> **Work instruction**
What you return must be an exact copy of the lines in the listing below between the line holding "imageNautica Womens Water" and the line holding "Frame - Contrast", inclusive, and nothing more.

________________________

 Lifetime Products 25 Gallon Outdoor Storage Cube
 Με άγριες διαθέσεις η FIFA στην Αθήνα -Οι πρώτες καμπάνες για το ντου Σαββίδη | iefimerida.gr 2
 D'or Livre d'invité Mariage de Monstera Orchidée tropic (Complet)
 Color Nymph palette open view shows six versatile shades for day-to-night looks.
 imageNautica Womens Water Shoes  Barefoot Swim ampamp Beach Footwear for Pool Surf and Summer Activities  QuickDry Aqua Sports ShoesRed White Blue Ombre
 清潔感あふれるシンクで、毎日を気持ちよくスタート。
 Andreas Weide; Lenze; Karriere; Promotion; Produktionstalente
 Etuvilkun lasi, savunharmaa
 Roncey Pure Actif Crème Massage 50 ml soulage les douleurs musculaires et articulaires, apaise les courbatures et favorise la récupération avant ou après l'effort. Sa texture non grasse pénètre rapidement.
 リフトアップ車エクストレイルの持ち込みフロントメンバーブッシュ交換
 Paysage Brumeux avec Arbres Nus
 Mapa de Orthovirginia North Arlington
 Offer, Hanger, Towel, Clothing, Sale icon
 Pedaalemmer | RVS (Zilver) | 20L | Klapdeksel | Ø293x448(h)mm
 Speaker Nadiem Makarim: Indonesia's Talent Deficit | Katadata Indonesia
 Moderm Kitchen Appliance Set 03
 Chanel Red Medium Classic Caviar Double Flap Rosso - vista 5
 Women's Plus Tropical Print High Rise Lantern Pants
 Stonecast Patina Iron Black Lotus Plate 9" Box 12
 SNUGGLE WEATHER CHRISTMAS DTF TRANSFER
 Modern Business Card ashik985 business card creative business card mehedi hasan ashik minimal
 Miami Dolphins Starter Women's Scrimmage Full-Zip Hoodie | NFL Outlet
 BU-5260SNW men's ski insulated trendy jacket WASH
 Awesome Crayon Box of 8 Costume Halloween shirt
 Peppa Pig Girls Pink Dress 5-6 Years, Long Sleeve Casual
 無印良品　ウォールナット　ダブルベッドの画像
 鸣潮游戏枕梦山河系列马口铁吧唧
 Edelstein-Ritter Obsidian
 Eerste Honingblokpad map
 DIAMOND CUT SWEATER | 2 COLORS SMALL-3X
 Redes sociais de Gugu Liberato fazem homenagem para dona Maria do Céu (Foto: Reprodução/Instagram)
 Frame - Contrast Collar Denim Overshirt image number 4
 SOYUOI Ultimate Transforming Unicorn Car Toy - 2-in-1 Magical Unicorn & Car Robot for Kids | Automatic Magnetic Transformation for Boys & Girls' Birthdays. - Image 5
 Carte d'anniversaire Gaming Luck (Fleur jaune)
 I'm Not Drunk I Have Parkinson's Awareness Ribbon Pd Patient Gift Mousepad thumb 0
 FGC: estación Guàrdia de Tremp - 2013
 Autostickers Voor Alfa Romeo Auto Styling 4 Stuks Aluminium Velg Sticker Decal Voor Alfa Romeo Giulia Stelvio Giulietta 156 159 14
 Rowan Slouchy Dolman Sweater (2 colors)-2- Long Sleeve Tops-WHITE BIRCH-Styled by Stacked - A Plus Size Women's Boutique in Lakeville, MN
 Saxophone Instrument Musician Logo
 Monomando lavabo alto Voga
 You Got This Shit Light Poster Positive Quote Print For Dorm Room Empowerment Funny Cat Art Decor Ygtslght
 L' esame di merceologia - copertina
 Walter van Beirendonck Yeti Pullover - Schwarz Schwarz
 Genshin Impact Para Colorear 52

________________________

> **Result below**
 imageNautica Womens Water Shoes  Barefoot Swim ampamp Beach Footwear for Pool Surf and Summer Activities  QuickDry Aqua Sports ShoesRed White Blue Ombre
 清潔感あふれるシンクで、毎日を気持ちよくスタート。
 Andreas Weide; Lenze; Karriere; Promotion; Produktionstalente
 Etuvilkun lasi, savunharmaa
 Roncey Pure Actif Crème Massage 50 ml soulage les douleurs musculaires et articulaires, apaise les courbatures et favorise la récupération avant ou après l'effort. Sa texture non grasse pénètre rapidement.
 リフトアップ車エクストレイルの持ち込みフロントメンバーブッシュ交換
 Paysage Brumeux avec Arbres Nus
 Mapa de Orthovirginia North Arlington
 Offer, Hanger, Towel, Clothing, Sale icon
 Pedaalemmer | RVS (Zilver) | 20L | Klapdeksel | Ø293x448(h)mm
 Speaker Nadiem Makarim: Indonesia's Talent Deficit | Katadata Indonesia
 Moderm Kitchen Appliance Set 03
 Chanel Red Medium Classic Caviar Double Flap Rosso - vista 5
 Women's Plus Tropical Print High Rise Lantern Pants
 Stonecast Patina Iron Black Lotus Plate 9" Box 12
 SNUGGLE WEATHER CHRISTMAS DTF TRANSFER
 Modern Business Card ashik985 business card creative business card mehedi hasan ashik minimal
 Miami Dolphins Starter Women's Scrimmage Full-Zip Hoodie | NFL Outlet
 BU-5260SNW men's ski insulated trendy jacket WASH
 Awesome Crayon Box of 8 Costume Halloween shirt
 Peppa Pig Girls Pink Dress 5-6 Years, Long Sleeve Casual
 無印良品　ウォールナット　ダブルベッドの画像
 鸣潮游戏枕梦山河系列马口铁吧唧
 Edelstein-Ritter Obsidian
 Eerste Honingblokpad map
 DIAMOND CUT SWEATER | 2 COLORS SMALL-3X
 Redes sociais de Gugu Liberato fazem homenagem para dona Maria do Céu (Foto: Reprodução/Instagram)
 Frame - Contrast Collar Denim Overshirt image number 4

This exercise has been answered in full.